J'ai tout de suite accroché à la proposition de Nicolas Debray de créer un événement pour rassembler la communauté des start-up belges. Certains ont essayé de le faire, mais ce n'est vraiment pas facile. On voit toutefois que ça commence à bouger. Une communauté commence à se créer autour des entrepreneurs belges de la tech. Les gens commencent à se parler entre les différents écosystèmes (Gand, Anvers, Bruxelles, Liège, Charleroi…). L'organisation des Belgium Startup Awards contribue à fédérer ces écosystèmes. C'est une très bonne chose et si le Wintercircus peut jouer un rôle de facilitateur dans cette construction d'un écosystème technologique belge, tant mieux !
"Nous sommes prêts à aider d'autres villes belges à faire mûrir leur écosystème. Plus les gens se connaissent et se parlent, mieux c'est pour l'écosystème tech belge."
Gand est parfois présentée comme la capitale belge de la tech grâce au succès de nombreuses sociétés. Le Wintercircus en est un peu le temple, non ?
L'écosystème gantois est effectivement le plus mature en Belgique. Si nous avions lancé Wintercircus il y a 10 ans, cela n'aurait pas fonctionné. Nous n'aurions pas eu assez d'entrepreneurs dans la tech. L'écosystème était trop petit, avec trop peu de capital à risque. Créer un écosystème prend du temps. Il ne sert à rien de forcer les choses. Mais le Wintercircus est aussi un point de départ à partir duquel nous aimerions, à terme, rayonner. Nous sommes prêts à aider d'autres villes belges à faire mûrir leur écosystème. Plus les gens se connaissent et se parlent, mieux c'est pour l'écosystème tech belge.
Comment expliquer le succès de Gand sur la scène "tech" belge ?

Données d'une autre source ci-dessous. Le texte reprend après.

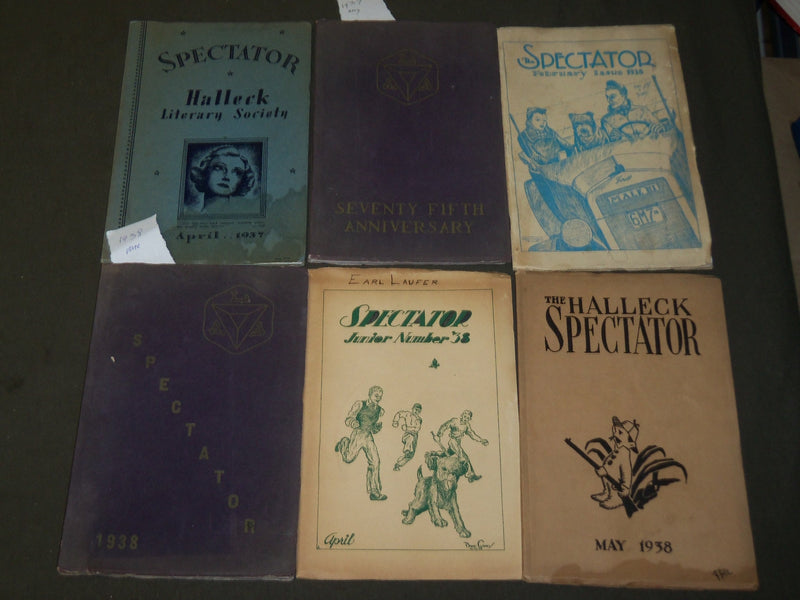 1935-1938 LOUISVILLE MALE HIGH SCHOOL SPECTATOR LOT OF 6 - LOUISVILLE KY- O 1607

La première raison est que Gand est une ville étudiante très importante en Flandre orientale et occidentale. Il y a près de 100 000 étudiants chaque année (université et écoles supérieures, NdlR). Cela représente un grand réservoir de talents. Ensuite, à la différence d'autres villes belges, Gand a connu, au cours des 20-30 dernières années, des succès dans le secteur des technologies. Il y a eu l'aventure de Netlog. Mais il y avait déjà eu Tele Atlas. C'est une histoire que peu de gens connaissent en Belgique mais cette entreprise, basée à Gand, a été vendue en 2008 à TomTom pour 3 milliards d'euros ! C'était le premier gros succès. Par après, il y a eu Team Blue, Showpad, Teamleader, TechWolf… Un cercle vertueux s'est mis en place. Enfin, le fait que vous puissiez aller voir des investisseurs, trouver des employés, aller voir des clients dans un espace de 10 kilomètres carrés joue un rôle très important.